A Marousi, città benestante dell’hinterland ateniese, negli anni Ottanta qualcuno inventò un telefono a cui si poteva ordinare il pranzo a casa. Oppure la cena, i dolci per un tè o per un ricevimento. Un piatto greco, uno messicano, uno giapponese, italiano, cinese, e tanto altro: un mondo di cose buone in una piccola città. Per non poche ma neanche troppe dracme. Ebbe successo, ma non dilagò, perché il mondo aspettava internet, che ha cambiato la scena in modo strutturale, non casuale. Chi invece, oggi, usufruisce dei servizi che gli permettono infinita sedentarietà, spesso gioca a fare il tradizionalista ostentando difese del passato come da protocollo prestampato. Ora il cattivo è Jeff Bezos, l’uomo che in un attimo ti manda tutto quello che vuoi, ma proprio tutto, anche quello che non sai che esiste, e, con qualche soldo in più, pure un biglietto per lo Spazio.

Durante il lockdown quando erano eroi i ragazzi che portavano spesa e panini, anche Amazon aveva una giustificazione morale, preziosa per gli ipocriti senza scampo. Ma ora il suo impero diventa il bersaglio di chi si inventa la difesa di quei negozianti che fino a poco fa accusava di essere cari, di avere tutto eccetto quello che cercavamo, di non essere cinesi, ma vendere cinese come gli emporietti gialli, di lamentarsi per le spese e per le tasse, ma comprare ville al mare risparmiando sugli scontrini, di spacciare oggetti fuori produzione per ultimi modelli, di sentirsi il centro del mondo commerciale nelle piccole città. Sul web, invece, tanti contro il colosso, ma pochi fanno caso a chi propone on-line affaroni e tariffe segrete “solo per te”, come se fossimo vecchi amici. O sconti “fino al 70 per cento” quando la media reale è del 20. Oppure truccano i prezzi e vendono alla metà del doppio.

Ma Amazon è il male assoluto, il suo odiatissimo creatore è un uomo talmente fuori dell’orbita terrestre da chiedersi come abbia fatto in così poco tempo a creare tutto ciò.
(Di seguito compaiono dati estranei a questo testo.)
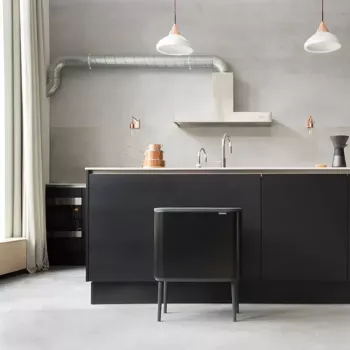 Balde do lixo Brabantia 316067 33L retangular aço inoxidável preto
Forse perché è americano, come Bill Gates, Elon Musk, Steve Jobs? Eh, sì, è l’America, caro signore! Il sistema stuzzica i nostri sogni proponendoci a prezzi quasi umani seminterrati di hotel a 5 stelle come fossero camere da favola, garantiscono dieci uzbeki e cento coreani che ci hanno dormito, altro che ascoltare quel nostro amico furibondo perché in Germania non ha trovato il bidet. Altri ci vendono un oggetto per posta e ne chiedono descrizione e prova a noi clienti. Addirittura, ci pregano di aiutare chi non sa usare quello che ha acquistato, costituendo una comunità virtuale di clienti autogestiti, operazione che, in modo strisciante, esonera fabbricanti e distributori da molte responsabilità e tanto lavoro. Per contro, cambiano la merce, che ritirano con facilità e senza troppe giustificazioni da parte dell’acquirente, in un mondo on-line che mortifica il dialogo, ma nemmeno richiede toni piagnucolosi e scuse patetiche.

Stati Uniti e Cina dirigono le danze e cambiano il mondo nel bene e nel male. Per cui ci dividiamo i compiti: loro sfondano le barriere, noi europei fabbrichiamo tonnellate di distinguo che non spostano la terra, ma saturano l’aria. Però sentiamo il dovere di farlo, perché viviamo nell’era del politicamente, moralmente, tradizionalmente, umanamente, coscientemente, incoscientemente corretto. E soprattutto dell’unilateralmente e dell’invidiosamente corretto: come se il mondo fosse nato e finisse con noi, ci battiamo sempre contro, senza mai proporre un’alternativa al meccanismo per cui tutto dovrebbe cambiare, rimanendo gattopardescamente come è.